3.1 Splitting into Train and Test Sets

Let’s sample our data into train and test sets. In order to do this efficiently, we will use the RevoScaleR package.

We’ll first create a RxXdfData object, which is a more efficient and scalable data structure than R data.frames. Their primary distinction is that they do not reside in memory, but on-disk.

library(tidyverse)
library(dplyrXdf)
library(foreach)
## 
## Attaching package: 'foreach'
## The following objects are masked from 'package:purrr':
## 
##     accumulate, when
library(doRSR)
## Loading required package: iterators
library(MicrosoftML)
theme_set(theme_minimal())

out_xdf <- file.path(
                     "data",
                     "housing.xdf")

housing_xdf <- rxDataStep(inData = housing,
                          outFile = out_xdf,
                          maxRowsByCols = nrow(housing)*ncol(housing),
                          rowsPerRead = 5000,
                          overwrite = TRUE)

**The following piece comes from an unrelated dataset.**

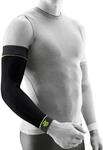 Bauerfeind Sports Compression Arm X-Long Str&uuml;mpfe, schwarz 4046445910821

housing_xdf %<>% factorise(ocean_proximity) %>% 
  persist(out_xdf, overwrite = TRUE)

The RevoScaleR and MicrosoftML functions are primarily prefixed with rx. In this function below, we will use the rxSplit function to split our data into train and test sets. Observe that since our data is now on-disk, and compromises of multiple blocks, we have to use the .rxNumRows argument to inform the session how many rows are currently being processed in the current block:

split_xdf <- function(data) {

    splits <- rxSplit(data,
                      outFileSuffixes = c("Train", "Test", "Validate"),
                         splitByFactor = "splitVar",
                         overwrite = TRUE,
                         transforms = list(splitVar = factor(
                           sample(c("Train", "Test", "Validate"),
                                  size = .rxNumRows,
                                  replace = TRUE,
                                  prob = c(0.65, 0.25, 0.1)),
                           levels = c("Train", "Test", "Validate"))),
                         rngSeed = 123,
                         consoleOutput = TRUE)
  return(splits)
}


splits <- split_xdf(housing_xdf)
names(splits) <- c("train", "test", "validate")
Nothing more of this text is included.